Mailing-List: contact lucene-dev-help@jakarta.apache.org; run by ezmlm
Precedence: bulk
Reply-To: "Lucene Developers List" <lucene-dev@jakarta.apache.org>
Message-ID: <40A537DC.8020403@earthlink.net>
Date: Fri, 14 May 2004 15:19:24 -0600
From: Dmitry Serebrennikov <dmitrys@earthlink.net>
User-Agent: Mozilla/5.0 (Windows; U; Windows NT 5.0; en-US;
 rv:1.3) Gecko/20030312
MIME-Version: 1.0
To: Lucene Developers List <lucene-dev@jakarta.apache.org>
Subject: Re: stored field compression
References: <20040514115837.33290.qmail@web12703.mail.yahoo.com>
 <200405141610.08425.ykingma@xs4all.nl> <40A4F1A4.4090408@apache.org>
 <40A4F24D.5000907@apache.org> <40A508A0.2000204@earthlink.net>
 <40A5108D.9080605@apache.org>
In-Reply-To: <40A5108D.9080605@apache.org>
Content-Type: text/plain; charset=ISO-8859-1; format=flowed
Content-Transfer-Encoding: 7bit

Doug Cutting wrote:

> Dmitry Serebrennikov wrote:
>
>> A different approach would be to just allow binary data in fields. 
>> That way applications can compress and decompress as they see fit, 
>> plus they would be able to store numerical and other data more 
>> efficiently.
>
>
> That's an interesting idea.  One could, for convenience and 
> compatibility, add accessor methods to Field that, when you add a 
> String, convert it to UTF-8 bytes, and make stringValue() parse (and 
> possibly cache) a UTF-8 string from the binary value.  There'd be 
> another allocation per field read: FieldReader would construct a 
> byte[], then stringValue() would construct a String with a char[].  
> Right now we only construct a String with a char[] per stringValue().  
> Perhaps this is moot, especially if we're lazy about constructing the 
> strings and they're cached.  That way, for all the fields you don't 
> access you save an allocation.

Actually, I was thinking of something simpler... Somthing like a special 
case where one could supply binary data directly into a stored field. 
Something like:
public class Field {
    public static Field Binary(String name, byte[] value);
    public boolean isBinary();
    public byte[] binaryValue();
}

This would automatically become a stored field.

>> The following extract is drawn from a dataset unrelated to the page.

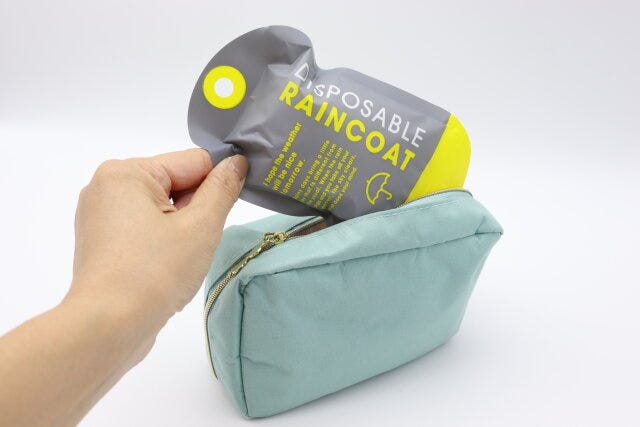 セリア ケース付きレインコート セリアのケース付きレインコート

Lucene wouldn't need to 
know what the data means - just carry it around. The binaryValue() can 
return null unless isBinary() is true, in which case you'd get the data 
back and stringValue() would return null instead.

This would be a start. If we want to provide special handling for ints, 
floats, and so on, we provide a BinaryField class, a la DateField.

We might lose some efficiency because ints and longs would be better off 
if they were stored as ints and longs rather than a byte[]...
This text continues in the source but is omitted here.